What led you to return home?
The journey has been a very interesting one that has evolved considerably. I am entering my 10th year at CNN and I have held a variety of roles in that time.
The one thing that has remained constant is my passion for telling African stories. It’s one of the reasons I was sent by CNN to come to Nigeria to lead their coverage of the continent from here and to find new, exciting ways of doing so. I remain as ever passionate and committed to telling those stories. I meet too many dynamic and talented people that I want the world to know about.
The journey to getting here has been fulfilling with a lot of hard work and persistence. I am grateful to have a job that I love and a real opportunity to create significant impact.
How have you been able to fit into the crazy hustle and bustle of Lagos?
I’m a city girl so I love hustle and bustle but Lagos is definitely the busiest place I’ve ever lived. It’s just full on and on the go. But I always say there’s something about this place that just grabs you and sucks you in.
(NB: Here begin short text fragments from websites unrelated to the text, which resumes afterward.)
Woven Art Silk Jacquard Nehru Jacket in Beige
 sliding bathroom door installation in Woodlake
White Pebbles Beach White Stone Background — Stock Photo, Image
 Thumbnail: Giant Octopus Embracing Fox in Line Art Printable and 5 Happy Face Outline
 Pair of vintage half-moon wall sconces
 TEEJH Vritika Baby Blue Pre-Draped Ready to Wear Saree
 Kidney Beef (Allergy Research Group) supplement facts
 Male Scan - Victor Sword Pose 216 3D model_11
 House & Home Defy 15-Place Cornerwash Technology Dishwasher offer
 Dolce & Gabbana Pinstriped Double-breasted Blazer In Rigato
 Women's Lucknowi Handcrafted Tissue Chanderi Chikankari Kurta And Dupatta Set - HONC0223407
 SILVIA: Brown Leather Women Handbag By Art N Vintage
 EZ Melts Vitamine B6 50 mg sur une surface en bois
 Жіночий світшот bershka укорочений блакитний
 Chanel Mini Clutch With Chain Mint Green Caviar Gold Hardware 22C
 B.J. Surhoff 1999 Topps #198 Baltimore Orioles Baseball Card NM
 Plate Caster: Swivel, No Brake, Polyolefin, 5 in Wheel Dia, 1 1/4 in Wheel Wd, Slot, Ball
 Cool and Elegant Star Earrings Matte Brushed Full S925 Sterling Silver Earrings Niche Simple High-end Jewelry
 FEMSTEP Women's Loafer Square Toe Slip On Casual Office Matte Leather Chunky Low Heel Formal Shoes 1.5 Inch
The energy is off the charts and I think that is what attracts people here. I love living in Lagos but I do need breaks from it at times.
Often the western media tends to be biased in projecting Africa to the world. What positive stories of Africa do you intend to tell via CNN?
I have worked at CNN for the past 10 years and I’m proud to say we have always been committed to telling positive African stories.
In that time, we have had at least four prime time feature shows every week on CNN focusing on African youth and culture, traditions and heritage, business and its entrepreneurs with shows like African Voices, African Start Up, Marketplace Africa, Inside Africa etc. CNN is very committed to telling these stories and more and sending me to Lagos is testament to that commitment.
Of course, we also tell stories that are not so positive, but we are a news network and we report the news as it happens. We must tell the stories we find.
You took a very brave step, moving to Nigeria with your daughter – did you feel any anxiety, and how did you deal with that?
This is an example of doing it afraid for me. I had anxieties more about my daughter than anything else. “Would she cope? would she enjoy it? Would she miss London and her friends too much?” The thing is children are so much more resilient than we give them credit for.
She’s made many new friends and is enjoying learning more about her culture. She even asked me for Yoruba lessons recently, so I’m not worried about her fitting in anymore.
How have you settled into Nigeria – especially Lagos Living? And how do you deal with the challenges? Power, transportation, etc?
I believe I have settled quite well. The work I’m doing here has been so embraced and people have been generally very helpful. I believe that challenges are everywhere, even living in London, I had challenges, albeit different ones. I came to Nigeria determined to make the most of an amazing career opportunity in a place that is home in my heart. You have to roll with the punches.